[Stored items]
*** Block opens ***
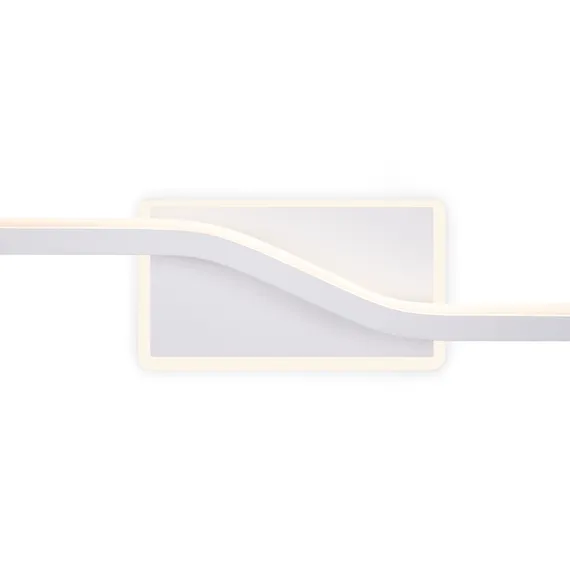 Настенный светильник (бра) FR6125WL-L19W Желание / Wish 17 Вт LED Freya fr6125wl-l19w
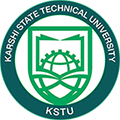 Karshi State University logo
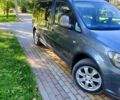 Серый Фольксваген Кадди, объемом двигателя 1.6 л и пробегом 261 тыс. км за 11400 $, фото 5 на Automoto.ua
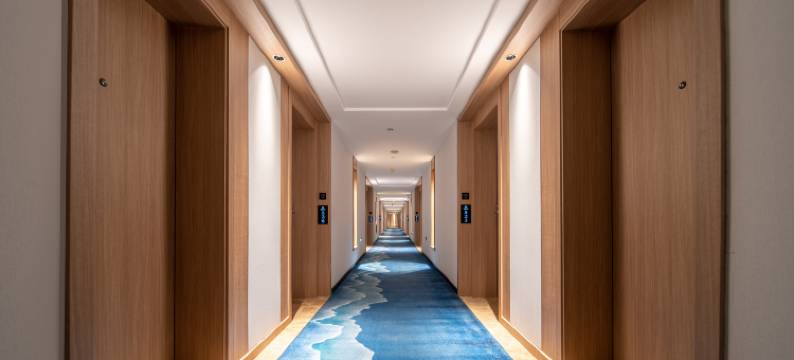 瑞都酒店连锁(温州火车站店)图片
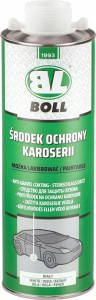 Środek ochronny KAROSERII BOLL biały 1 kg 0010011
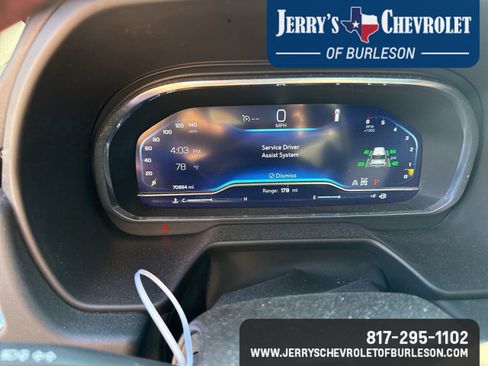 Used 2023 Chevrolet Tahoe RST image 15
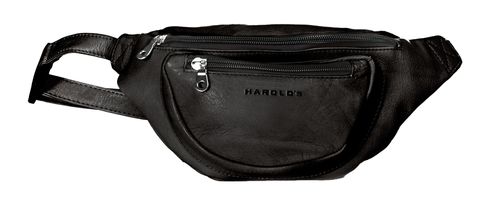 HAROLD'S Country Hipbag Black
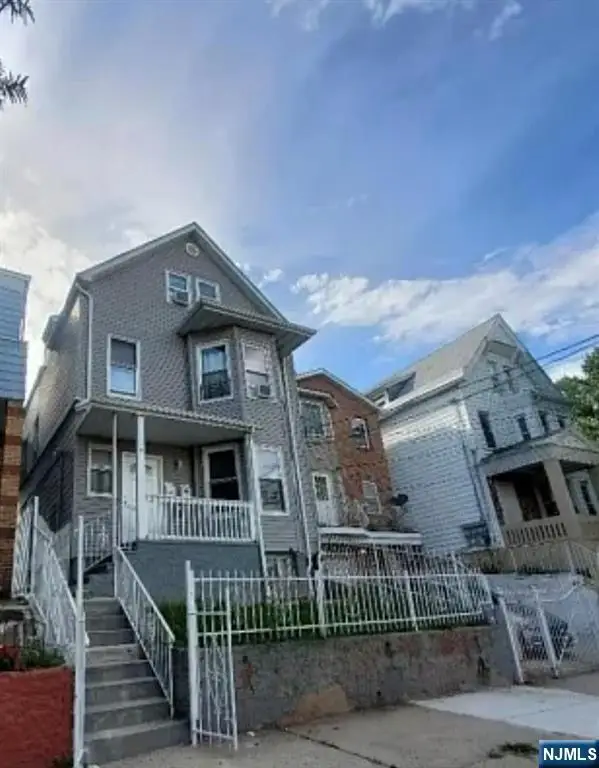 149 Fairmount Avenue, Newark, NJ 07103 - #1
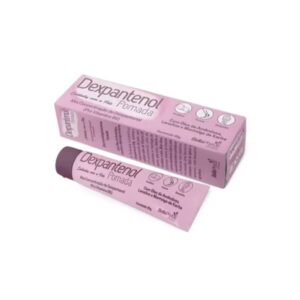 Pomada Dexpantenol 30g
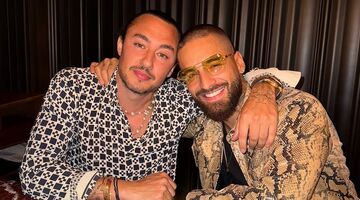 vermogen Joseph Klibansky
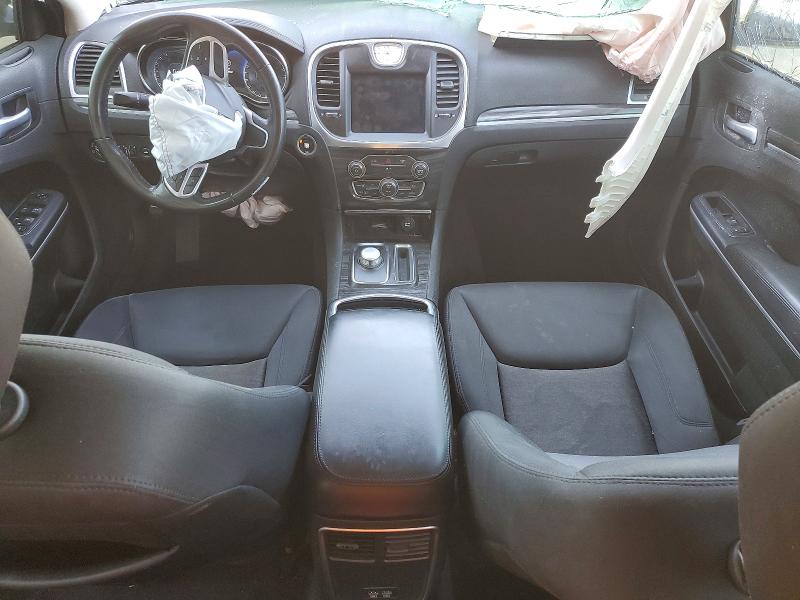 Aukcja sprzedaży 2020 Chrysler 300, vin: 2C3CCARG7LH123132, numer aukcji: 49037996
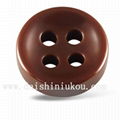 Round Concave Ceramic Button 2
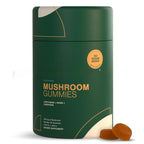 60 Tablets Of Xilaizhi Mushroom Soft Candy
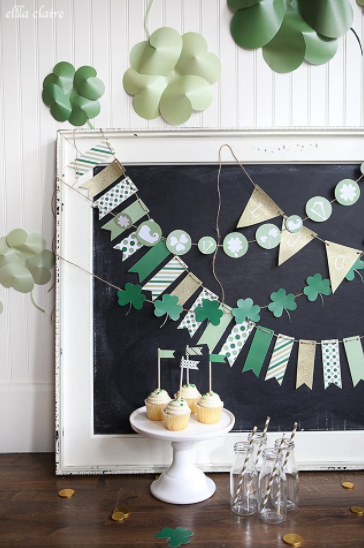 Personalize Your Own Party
*** Block closes ***
Exercise requirements
Nothing but the lines from the start of the records above through the line with "60 Tablets Of Xilaizhi Mushroom Soft Candy" should be retyped, each exactly as written; leave out all pictures.

Output for this task
 Настенный светильник (бра) FR6125WL-L19W Желание / Wish 17 Вт LED Freya fr6125wl-l19w
 Karshi State University logo
 Серый Фольксваген Кадди, объемом двигателя 1.6 л и пробегом 261 тыс. км за 11400 $, фото 5 на Automoto.ua
 瑞都酒店连锁(温州火车站店)图片
 Środek ochronny KAROSERII BOLL biały 1 kg 0010011
 Used 2023 Chevrolet Tahoe RST image 15
 HAROLD'S Country Hipbag Black
 149 Fairmount Avenue, Newark, NJ 07103 - #1
 Pomada Dexpantenol 30g
 vermogen Joseph Klibansky
 Aukcja sprzedaży 2020 Chrysler 300, vin: 2C3CCARG7LH123132, numer aukcji: 49037996
 Round Concave Ceramic Button 2
 60 Tablets Of Xilaizhi Mushroom Soft Candy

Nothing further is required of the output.